Anthracyclines are still very important for treatment of acute lymphocytic and chronic myelogenous leukemia; the disease in which the bone marrow makes too many white blood cells. Doxorubicin also, succeeded to show a substantial efficacy against solid tumors.⁸⁴ Several types of solid tumors are responsive to doxorubicin, as breast carcinoma, small-cell lung carcinoma, and ovarian carcinoma.⁸⁵

Pharmacological Effects and Toxicological Profiles of Anthracyclines

Not only disrupting topoisomerase-II-mediate DNA repair, anthracyclines also, produce free radicals by reversible quinonoid transformation. Free radicals damaging membrane, DNA and proteins.  In addition, reactive oxygen can make epoxidation of fatty acids leading to membrane and DNA damage, oxidative stress, and triggering apoptosis.^86,87 Alternatively, doxorubicin can enter the nucleus and poison topoisomerase-II, also resulting in DNA damage, cell cycle control and cell death.^88-91

The cumulative dose-dependent cardiac toxicity of doxorubicin represents unwanted health problem from essential medicines. There are some differences between the anthracycline’s congeners in toxicological profile and upon comparing their ability to induce topoisomerase II-mediated DNA cleavage.^92-94 Cardiac toxicity as reported in several articles attributed to the cellular oxidative stress induced by free radicals. Unfortunately, doxorubicin preferentially interacts with cardiomyocytes, and the side effects resulted as reflection of free radicals on DNA, protein and lipid as reported elsewhere (Figure 4).^95-97

Oxidative stress resulted as reflection of coordination reactions between metals such as iron and functionalities of the co-planar system at rings B and C (Figure 4). The complex of metal and anthracyclines catch soluble oxygen that accordingly producing superoxide. Superoxide dismutase: the natural cellular antioxidant change catalyzes the disproportionation of superoxide to be converted into two less damaging species.  
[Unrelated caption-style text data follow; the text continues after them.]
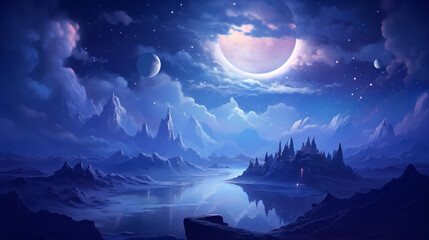 Horizontal fantasy background with cloudy night sky
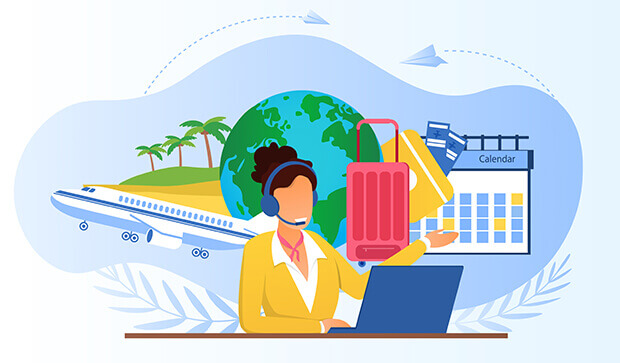 Un agente de viajes en un auricular con un fondo de un globo terráqueo, una maleta y un avión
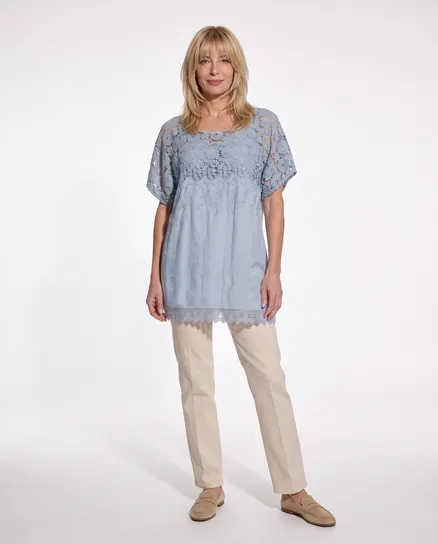 Bluse mit Seide 2-tlg. in blau von XUNA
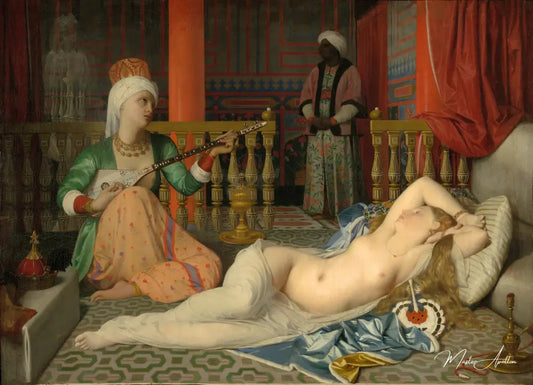 Odalisque à l'esclave - Jean-Auguste-Dominique Ingres - Reproductions de tableaux et peintures haut de gamme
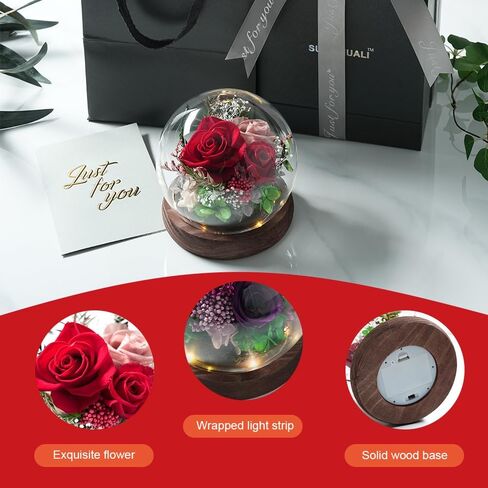 Unique Preserved Flowers Bouquet Gifts for Women, Real Forever Rose in Glass Dome with LED Light, for Birthday, Valentine's, Mother's Day, Christmas Day, Get Well, Home Décor in Saudi Arabia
Figure 4: Anthracyclines mediated free radical formation and biological effects.   Click here to view Figure

 

Comparative Cardiac Toxicity and Potential Chemical Modifications to Decrease Side Effects

The relevant chemical entities involved in oxidative stress-are mentioned on tetracyclic structure of anticancer as well as antibacterial activities. The group of drugs and candidates realized for elaboration of topology and SAR study (Figure 5). The structural entities responsible for chelation and free radical production are highlighted. Compounds are mentioned by numbers and names (Figure 2 and Table 2).  An anthracycline; Compound 14; Mutamycin E (Figure 5) fulfills the features of doxorubicin except the C-9 alpha-hydroxy acetyl group. This compound as active but not considered for further preclinical effects as anticancer. On the other-hand, tetracycline (Figure 5, Compound 15) which has no amino-sugar attachment at C-7 is in use as antibacterial medicine with high safety. The two compounds 14 and 15 are included with anthracyclines to elaborate the important topological differences on biological activity. The differences are important to verify the clinical usefulness of tetracyclic structures as anticancer and/or antibacterial activity. 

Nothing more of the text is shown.